So You've Got a Jazz Musician?

This post is still being edited. It is part of a presentation to the Fairfax-Loudoun Music Fellowship.

So you’ve got a student who wants to play jazz? Here are my top resources for getting your jazz journey started.

The Real Book

The Real Book is the most widely used fakebook—a kind of jazz bible that can get you through hundreds of gigs as you’re getting started. My original is pretty dog-eared. It contains lead sheets for many jazz tunes, both standards and obscure ones.

Get it here.

Tune List

Here’s a list of tunes from The Real Book a jazz beginning might like to tackle. These are chosen for two reasons. First, they’re fairly easy standards that one should know. Second, their chords work nicely with the voicings laid out in the Aebersold ii-V-I book without a lot of exceptions to the rules.

All of Me
Autumn Leaves
Beautiful Love
Blue Bossa
Don’t Get Around Much
The Girl From Ipamena
Have You Met Miss Jones
Here’s That Rainy Day
In a Mellow Tone
In a Sentimental Mood
Out of Nowhere
Recordame
Satin Doll
Solar
Take the “A” Train
There Will Never Be Another You

The Aebersold II-V7-I Book

This book was the place to start for me to get an introduction to jazz piano stylings. Jazz players think about chords in a slightly more complicated manner than I had learned in music theory class. The last four pages are an indispensable introduction to jazz piano voicing.

Get the book here.

The jazz language. Jazz is a language—not that it can’t be expanded, but what has gone before is the starting place. Aebersold p. 44 #31 as an example. Sing with solfège.

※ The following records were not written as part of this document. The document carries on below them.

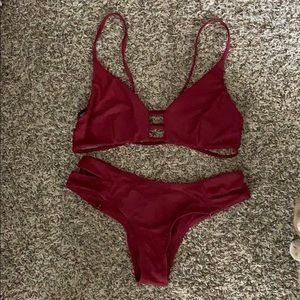 Strappy Burgundy Bikini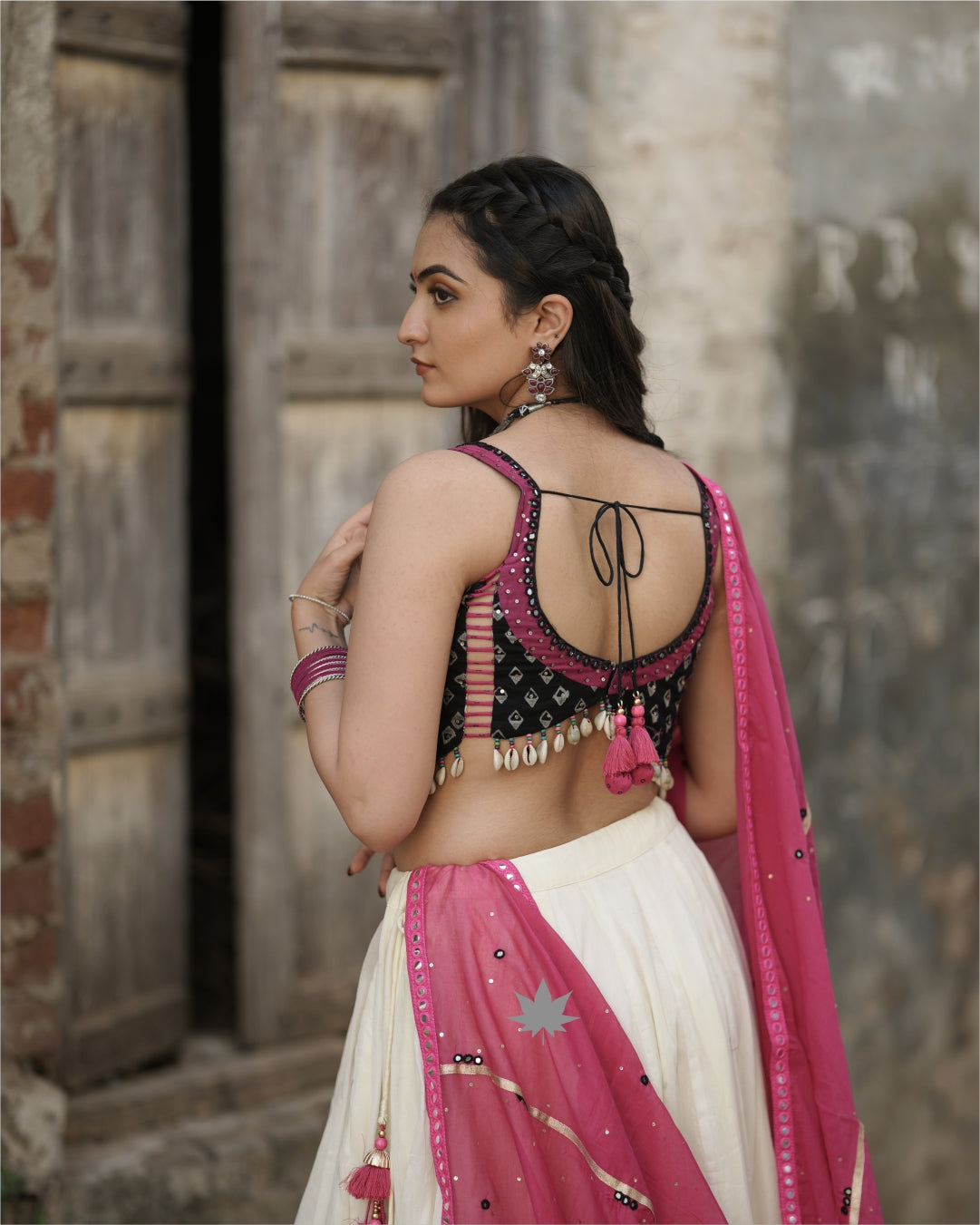 Black And White Chaniya Choli Set With Pink Mirrorwork Dupatta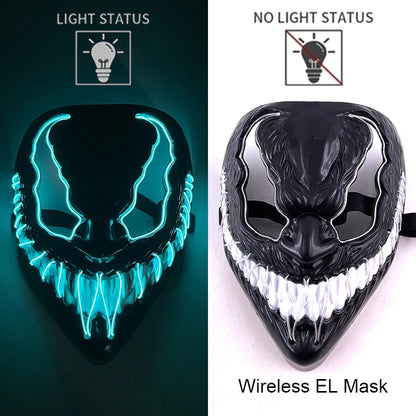 Wireless Neon LED Purge Mask – Glow-in-the-Dark Halloween Cosplay, Masquerade & Party Dress-Up Mask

Select Aebersold voicing and pattern samples.

Satin Doll

Today we’ll be looking at a couple of tunes. One is Satin Doll. We’re going to take the chord voicing from our Aebersold book and apply them to this tune.

Satin Doll

iReal Pro

How does this fit into Aebersold? Practice? Learning tunes? Patterns?

Get iReal Pro.

Get 1400 jazz standards for iReal Pro.

Autumn Leaves

The RealBook version.

The version we’ll be using in Bb.

How to Actually Learn a Jazz Tune

—Listen

—Transcribe the melody

—Figure out the chords

—Transcribe part of a solo you like

—Memorize it

—Somewhere in here you can consult a chart from your RealBook

—Use your transcription to get ideas that you being to apply to other tunes.

—Repeat

Jim Snidero Play-Along

Jim Snidero has a series of books called Jazz Conceptions. Jim has spent years going through the process above and has made “improvisational style” solos to help students begin to speak the language of jazz.

Here’s his tune Autumn, based, of course, on Autumn Leaves.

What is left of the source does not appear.